好像有万千只虫子在身体里爬动,将他身躯蚕食殆尽,从空洞的五官里爬出来,洪流一样淹进黑暗里。
他带着一副看起来完整的躯壳回归和平年代,但灵魂好像被永久留在了战场上。
也许他根本也没从战场上活着回来。
他已经和那场战争的绝大多数士兵一样,烂成了凡尔登的一摊血泥。
在极端的痛苦中,阿摩利斯最想不明白的是——那些记忆去而复返的契机是什么。
在圭亚那待着的几年里,他已经甚少再出现这种状况。
将脸重重压进随手扯过的枕头里,想把疼痛也捂死时,阿摩利斯嗅到熟悉的皂味。
从血黄的画面里裂开一道细细的缝隙,缝隙里散着淡到几乎没有的橄榄香味。
是他每天会用的那块香皂。
这一点平淡的气味,像是一个坐标,将迷途的人引回了圭亚那。
他缓缓抬起头,血色里的凡尔登如燃烧的画像褪灭成灰,阿摩利斯从遮目的发丝里认出了这个枕头。
淳小姐留宿那晚抱在怀里的枕头。
长指将枕头的两角揉在手里,他带着不明的怒气,大掌压向的不是缎料,而是那张总也看也不看他的脸。
阿摩利斯又四处寻找,找到了那晚她盖的被子。
别的就没有了。
最后他拖着枕头和被子,睡在了浴缸里。
枕头被狠狠压向脏腑,阿摩利斯借着痛苦稍缓的时机,想要再一次睡过去。
可这不是失眠,闭上眼睛之后更多的幻觉在追赶他。
还不够。
要是她能一直待在这间屋子里就好了,要是能将他的东西都用过,都染上一点气息就好了……
越想,越煎熬。
橱柜里剩的安眠药被尽数吞服,仍旧不能摆脱那些要将他吞没的消极情绪。
在推开阳台门和走下楼梯之间,阿摩利斯勉强做出对的选择。
下楼的步伐从墙撞到栏杆,在夜色中朝着某个方向走去。
—
神父的房门被敲响。
他从窗户看到那张苍白冷峭的脸,带着要走到悬崖边的摇摇欲坠。
神父起身拿起《圣经》打开了门:“又出现了吗?”
阿摩利斯点头:“打扰您了。”
他眼神慈爱,看着阿摩利斯如同看着自己的孩子。
“任何时候上帝都会回应你的祷告。”神父走出门,提着一盏油灯引路。
阿摩利斯跟在身后,他身上披着长袍,沉重垂坠的织物压在身上,能为他提供短暂的庇护。
被囚犯破坏过的小教堂里,一切已经重新修缮好,却丢失了一件圣遗物。
神父遗憾道:“我找遍了教堂的每一个角落,都没有它的踪影。”
那是一把匕首,战争之后,阿摩利斯的母亲交给他,是曾安放在阿西西圣方济各圣殿地下墓穴的石棺里,和圣方济各指骨待过的一把匕首。
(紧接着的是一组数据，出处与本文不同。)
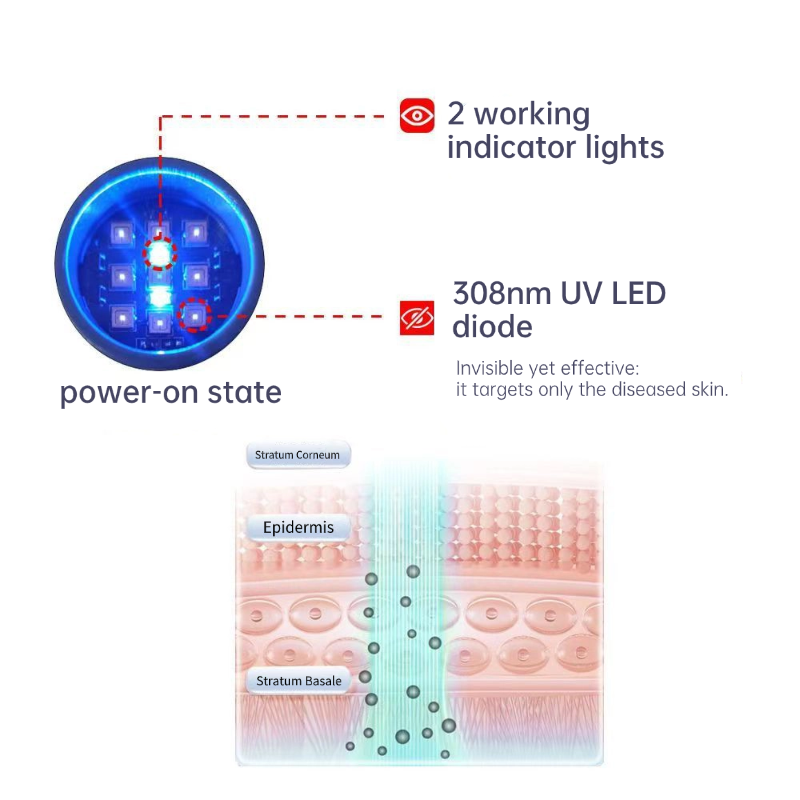 Hand-held UV Phototherapy Device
在建造这座小教堂的时候,阿摩利斯将它带到了这里安放。
阿摩利斯说:“没关系。”
或许他去而复返的记忆确实与圣遗物丢失有关,可阿摩利斯却刻意不想去寻找它。
那只是一个回避的工具,失去它,或许是上帝的指引。
神父也暂且将这件事放下,虔诚为他祷告着:“孩子,请坐回这盏灯下来,过往的战火与死亡,战栗本就是天主赐予我们感知生命的本能……”
阿摩利斯端着点亮的蜡烛,闭上双目。
曾经在告解时,他能感受到那些痛楚从身体里慢慢,好像有一头无名的巨兽在吞噬着那些多余的情绪,一切沸腾的痛苦都将归于平静。
现在,巨兽消失了。
他听着福音书,仰望圣像,沐浴在慈爱的视线之中,已经不能再使他远离痛苦,甚至那些苦楚里掺杂的,已不是四年的战火能说清。